Benchmark code (even with undefined behaviour, as present in pretty
much every program) is necessary to be able to show off what one has
done. Real code from real programmers is, at best, seen as a
necessary evil. When the compiler maintainers break their programs,
that worked in a previous version, and this is reported, they find
some case of "undefined behaviour", and reject the bug as invalid.

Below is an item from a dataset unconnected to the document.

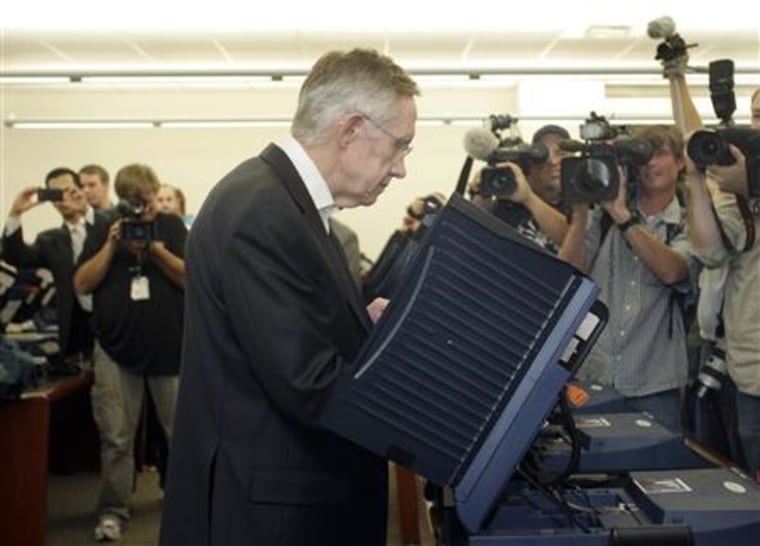 Senate Majority Leader Reid votes at an early voting polling place after an early voting rally at the University of Nevada Las Vegas, in Las Vegas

There seem to be some factors that moderate their zest for summoning
nasal demons. I guess that the people who sign their paychecks get
annoyed when they break code that is important to those people, so,
from what I have read, the gcc maintainers compile many packages of a
Linux distribution before releasing a new version these days. And
maybe not all of the gcc and LLVM compiler maintainers believe in the
large power of nasal demons, but those that do have enough influence
that the overall outcome is as described above, and when communicating
with programmers, or discussing these issues, the belief system comes
through, e.g., in phrases like "code written by people who should
never have been allowed to touch a keyboard"
<
https://www.sourceware.org/bugzilla/show_bug.cgi?id=12518#c4> (in
this case wrt a standard C library function by a library maintainer,
so it is not limited to compiler maintainers).
>No, that is
>conspiracy theory nonsense, and that kind of drivel is
>counter-productive in the grand aim of all this, which must surely be to
>help programmers get their source code correct and generate efficient
>object code.
Given that the nasal demon stuff helps with neither objective (except
for the notion of "correct" that nasal demon advocates often use), it
is obvious that these are not the primary objectives of the gcc and
LLVM maintainers.
Concerning "conspiracy theory": The belief system of the LLVM and gcc
maintainers has been publically outlined in
<
http://blog.llvm.org/2011/05/what-every-c-programmer-should-know.html>,
and by many nasal demon advocacy posts, e.g., yours. There is no
conspiracy and no theory about it: It's publically documented.
>Two is to work with compiler developers towards
>documenting the assumptions you want and making them a feature of the
>tools - compiler writers are open to that.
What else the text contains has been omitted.